Soft tissue sarcomas (STS) are a group of rare malignant tumors arising from mesenchymal stem cells. There are more than 60 different types of neoplasms that fall under the umbrella of STS, including tumors that originate from cartilage, adipose tissue, skeletal muscle, or connective tissue, among many other tissue types. One particular type of high-grade aggressive STS is the undifferentiated pleomorphic sarcoma (UPS), formerly known as the malignant fibrous histiocytoma (MFH). There has historically been much debate about the classification and differentiation of UPS from other types of sarcomas, which has only recently been characterized by novel methods of immunohistochemistry markers and sophisticated cytogenetics. This has left much of the literature regarding UPS largely irrelevant in context of our current classification standards.

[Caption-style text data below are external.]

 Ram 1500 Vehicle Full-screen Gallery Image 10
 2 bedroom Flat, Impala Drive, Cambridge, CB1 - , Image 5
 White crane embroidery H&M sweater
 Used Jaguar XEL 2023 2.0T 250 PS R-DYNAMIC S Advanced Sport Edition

A recent retrospective analysis of 100 UPS cases revealed an incidence of only 9% for UPS originating in the retroperitoneum. We present a case of UPS originating in the retroperitoneum. In this case, a patient suffering from a large right-sided intra-abdominal mass underwent complete surgical resection. We also demonstrate some of the complexities involved in the diagnosis and treatment of a rare retroperitoneal form of UPS.